I seriously considered canceling dinner two, okay, three times. I am a hopeless introvert with a trigger-happy case of social anxiety who lives in a barely-unpacked new house with furniture that doesn’t feel quite right, and these are just a few of the items on a long list of things that I care about.

Before last night, I had met Kirk in person twice before, the first time at a show where we strained to talk over the shrill of a guitar player who valued antics above all else. The second time we met for dinner in London with his friend Jaime. The three of us ended up on a hapless adventure involving poor directions and searching for someone who never intended to be found. We had the kind of conversations that stay with you and I remember walking back to my hotel feeling happy. Still, life is a game of threesies and you’re never guaranteed a good roll.

I had only known online Alexis. I remembered her from the first 30 Days experiment. She was funny with the type of edge that told me she couldn’t be from California. I liked her writing.
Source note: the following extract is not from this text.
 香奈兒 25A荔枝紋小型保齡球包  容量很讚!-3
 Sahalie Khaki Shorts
In the distance between last summer and last night, I managed to read all of her second-round 30 Days entries and become friends with her on IG and Facebook, but I still only knew her in the most intangible of ways.
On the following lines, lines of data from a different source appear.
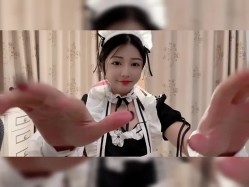 【快手反差婊最新泄密】，40万粉丝，【桃子】，榜一大哥才能看的内容，黑乎乎的阴毛掰开桃花洞，小美女娇羞可人！ 截图1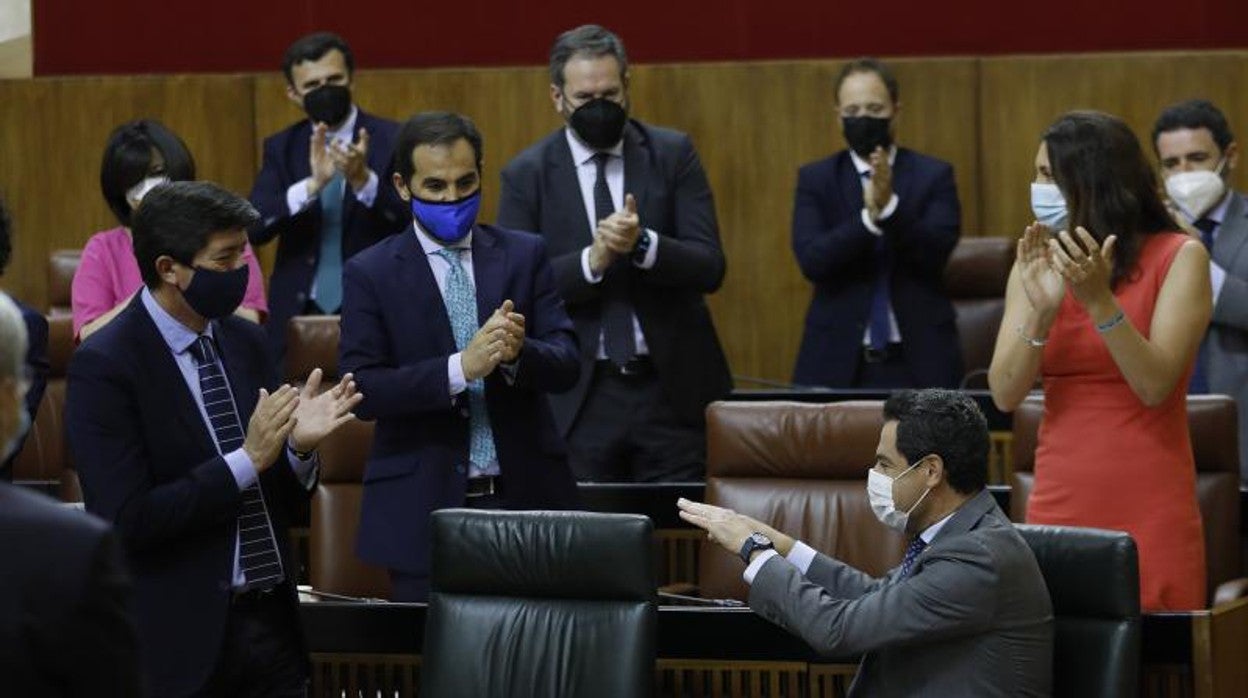 Juanma Moreno, aplaudido por el vicepresidente Juan Marín y el Grupo Popular en el Parlamento tras su intervención en el Pleno del Estado de la Comunidad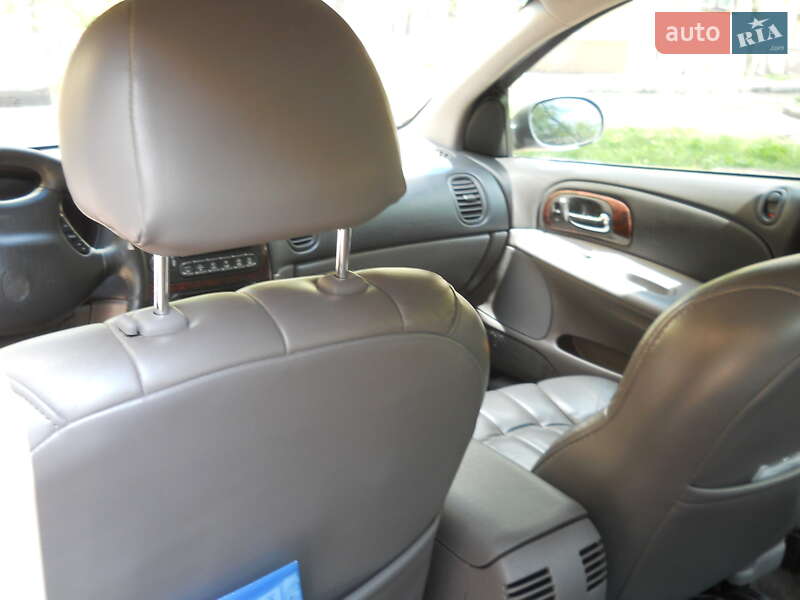 Седан Chrysler Concorde 2000 в Марганце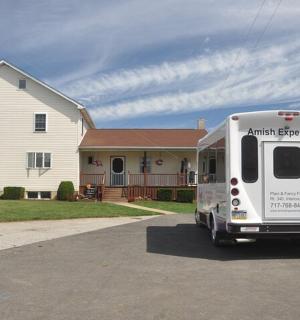 biała ciężarówka zaparkowana przed domem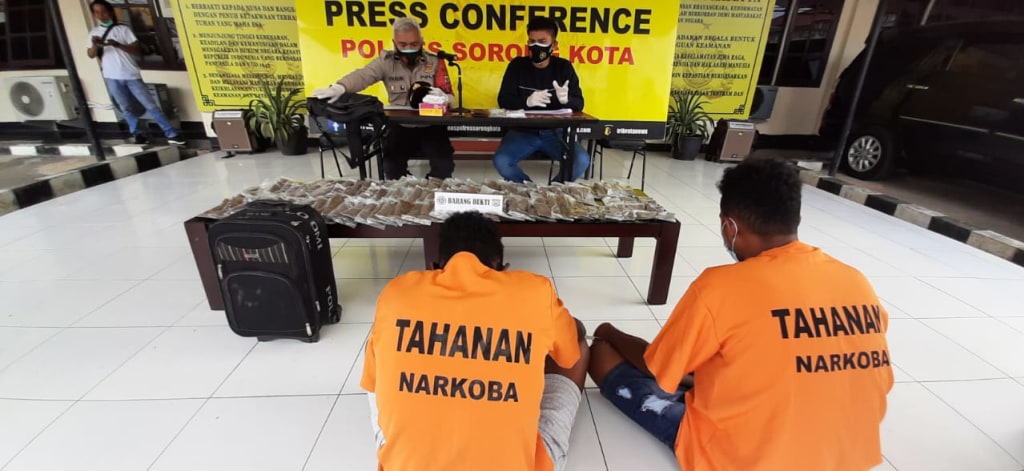 Simpan Ganja 2,2 Kg, Dua Pemuda di Sorong Ditangkap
And, I definitely hadn’t met Kirk-and-Alexis Kirk and Alexis. All in all, I sort of knew a half of a whole, and waged optimism about the rest. I suggested they come to my house at six, on the condition that they not make out at the dinner table. 

I also invited my friend Scarlett and her boyfriend Kenny over, because I genuinely wanted to see them. They are also great conversationalists who can be counted in the case of awkward silence emergencies.

The night was an unexpected success. I always fear failure in gatherings, but this was legitimately wonderful. I delighted in watching my old and new friends blend with an ease that normally comes with time. We shared kombucha and wine over a pork recipe that I cooked for the very first time. The six and a half of us (including Jonah) sat around talking about how it’s impossible not to like Taylor Swift. We traded yoga cult leader and Lululemon stories. We talked about writing. Eventually, the conversation turned to how Kirk and Alexis got engaged.

Theirs is a captivating tale of fate and love. I wish it were mine to retell because it’s fucking hilarious and enthralling and straight out of the goddamned NotebookIf you have half a beating heart you can’t help but to believe in destiny after listening to their story.

Sometimes there are people you meet who are so disarmingly and unfailingly vulnerable. People who, just by being themselves, invite you to be more you in the simplest of ways. And if you're lucky, you'll invite them all over for dinner on a Monday night in February.